Stored items:
"""

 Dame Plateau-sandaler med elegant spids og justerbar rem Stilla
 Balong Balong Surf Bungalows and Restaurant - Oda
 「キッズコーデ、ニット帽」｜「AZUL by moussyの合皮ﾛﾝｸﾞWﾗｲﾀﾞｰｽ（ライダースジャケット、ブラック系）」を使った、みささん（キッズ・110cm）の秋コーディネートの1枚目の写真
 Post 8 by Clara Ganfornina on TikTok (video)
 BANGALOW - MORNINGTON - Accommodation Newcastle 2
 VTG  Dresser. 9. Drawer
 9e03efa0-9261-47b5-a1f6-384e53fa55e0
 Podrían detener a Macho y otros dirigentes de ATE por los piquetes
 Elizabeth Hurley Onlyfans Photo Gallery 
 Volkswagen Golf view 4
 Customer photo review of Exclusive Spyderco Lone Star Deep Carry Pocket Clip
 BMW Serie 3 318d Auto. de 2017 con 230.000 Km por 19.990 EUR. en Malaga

"""

> **TASK DESCRIPTION**
Each entry above is to be copied out exactly.

> **ANSWER SPACE**
 Dame Plateau-sandaler med elegant spids og justerbar rem Stilla
 Balong Balong Surf Bungalows and Restaurant - Oda
 「キッズコーデ、ニット帽」｜「AZUL by moussyの合皮ﾛﾝｸﾞWﾗｲﾀﾞｰｽ（ライダースジャケット、ブラック系）」を使った、みささん（キッズ・110cm）の秋コーディネートの1枚目の写真
 Post 8 by Clara Ganfornina on TikTok (video)
 BANGALOW - MORNINGTON - Accommodation Newcastle 2
 VTG  Dresser. 9. Drawer
 9e03efa0-9261-47b5-a1f6-384e53fa55e0
 Podrían detener a Macho y otros dirigentes de ATE por los piquetes
 Elizabeth Hurley Onlyfans Photo Gallery 
 Volkswagen Golf view 4
 Customer photo review of Exclusive Spyderco Lone Star Deep Carry Pocket Clip
 BMW Serie 3 318d Auto. de 2017 con 230.000 Km por 19.990 EUR. en Malaga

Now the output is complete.